Curieusement, en dehors des frais d’instance, aucune amende ni dommages-intérêts n’ont été retenus contre lui. Bien que le verdict paraisse relativement clément, les avocats de la défense, au nombre de treize, parmi lesquels on a reconnu son collègue député Serges Mayamba, ont crié au scandale. A leur avis,  le dossier de leurs clients était réputé vide. Par conséquent, la Cour Suprême de Justice devait l’acquitter purement et simplement.

Ce sentiment était renforcé après l’audition du CD de l’émission de la radio « Kivu One », diffusé pendant 35 minutes, après que la Cour ait rejeté la demande de huis clos formulée par le ministère public, qui a estimé que le document comportait des faits graves qui ne devaient pas être portés à la connaissance du public. Le ministère public a notamment stigmatisé le passage où ce député a parlé du cadavre d’un soldat rwandais malmené par des éléments des FARDC.

 En réplique, les avocats de Muhindo Nzangi ont fait remarquer à la Cour que l’émission incriminée ayant été publique et des milliers de Congolais de Goma l’ayant déjà suivie, le huis clos ne s’imposait plus. Ensuite, Muhindo n’était pas le seul à évoquer le cas des soldats rwandais tués dans les rangs du M23. D’ailleurs, le porte-parole du gouvernement en parle régulièrement dans ses points de presse. La défense a finalement eu gain de cause.

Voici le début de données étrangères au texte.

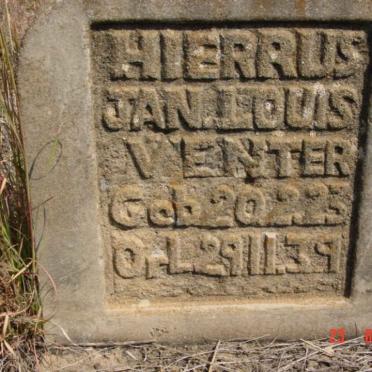 VENTER Jan Louis 1923-1939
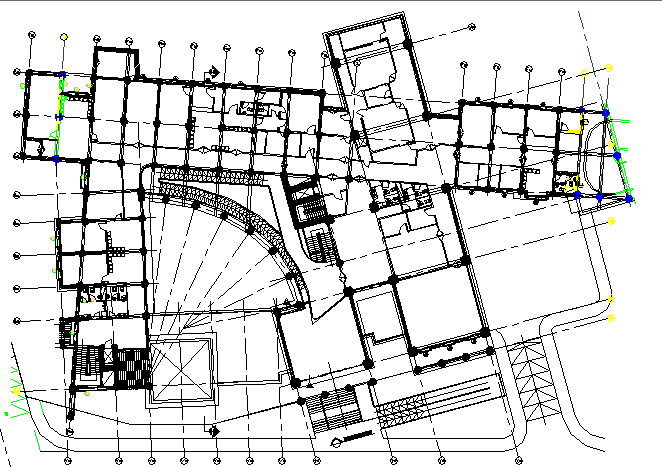 Construction detail layout plan dwg file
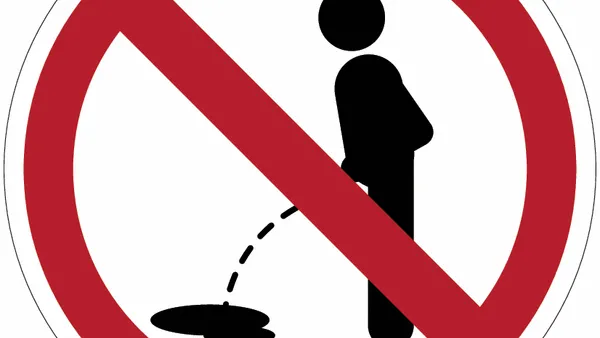 "Pene esemplari per chi urina in strada"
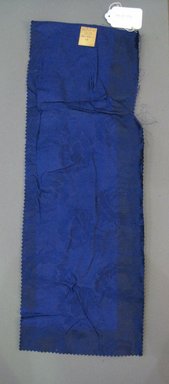 Onondaga Silk Company, Inc. (1925-1981). <em>Textile Swatches</em>, 1948-1959. Silk, 23 1/2 x 8 1/2 in. (59.7 x 21.6 cm). Brooklyn Museum, Gift of the Onondaga Silk Company, 64.130.333 (Photo: Brooklyn Museum, CUR.64.130.333.jpg)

Effectivement, à l’audition des éléments sonores du CD, l’assistance a eu l’impression que le député incriminé n’avait rien déclaré dans le sens d’outrager le chef de l’Etat, de porter atteinte à la sécurité interne et externe de l’Etat ou d’inciter la population à révolte. S’agissant du cas du Chef de l’Etat, il lui a demandé de faire attention à la situation du front où les choses étaient en train de tourner en faveur des FARDC et signalé que la population du Nord-Kivu faisait sa part du travail en apportant de la nourriture à nos militaires et en participant au transport de leurs équipements. Apparemment, son message allait dans le sens du renforcement du moral des troupes.

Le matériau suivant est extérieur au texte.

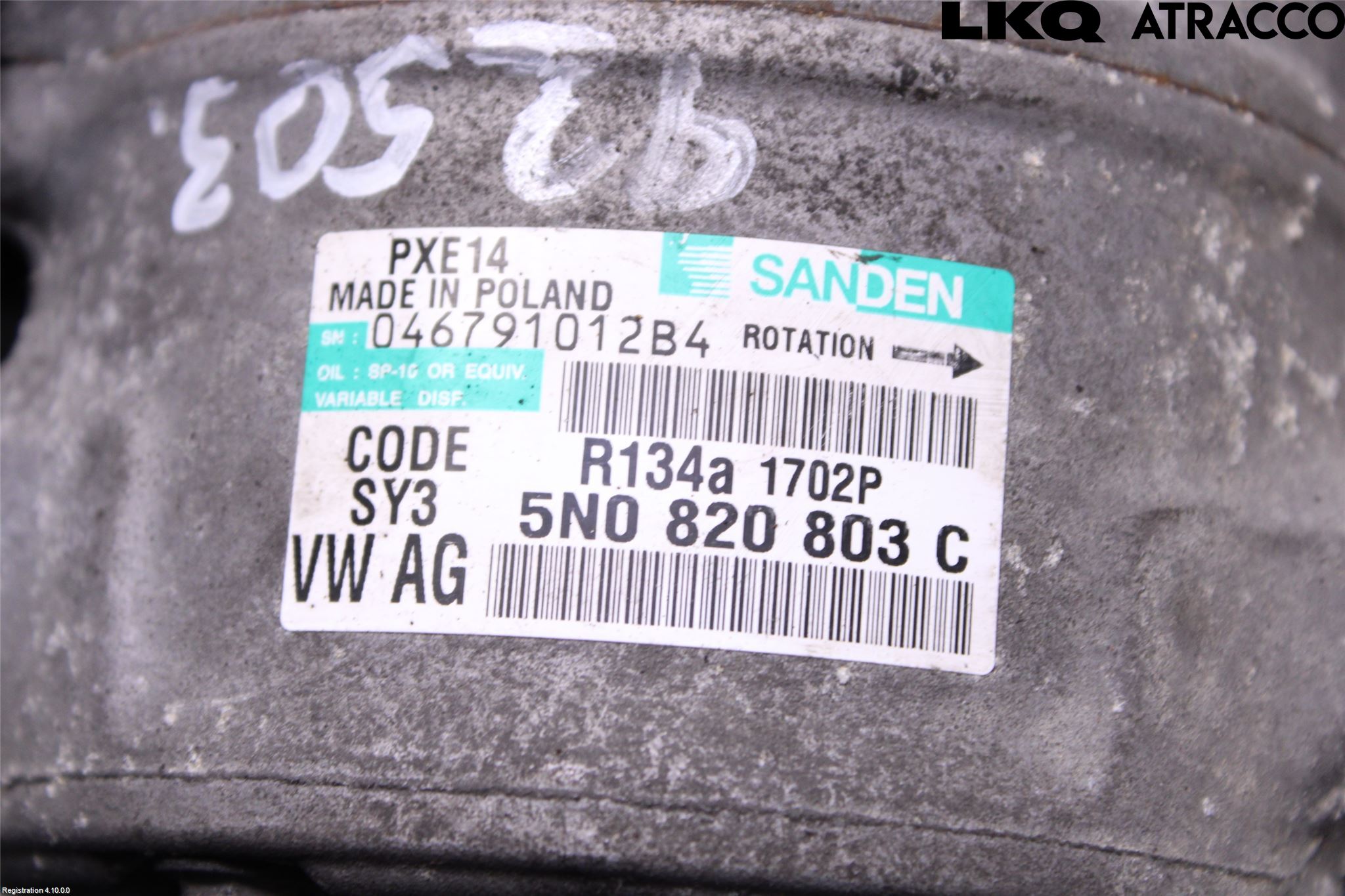Volkswagen VW PASSAT CC 08-16 Varme Ac Kompressor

            Parlant de la Monusco, Muhindo a déploré ses faiblesses alors qu’elle fonctionne grâce aux contributions de tous les Etats membres, dont la RDC. En somme, il a estimé que le peuple congolais avait le droit de lui exiger davantage de protection, à défaut de quoi les pressions sur la force onusienne devraient être maintenues et accentuées.

Bref, les avocats de Muhindo, ses proches ainsi que de nombreux députés présents à l’audience d’hier ont quitté la salle non convaincus de la culpabilité du prévenu.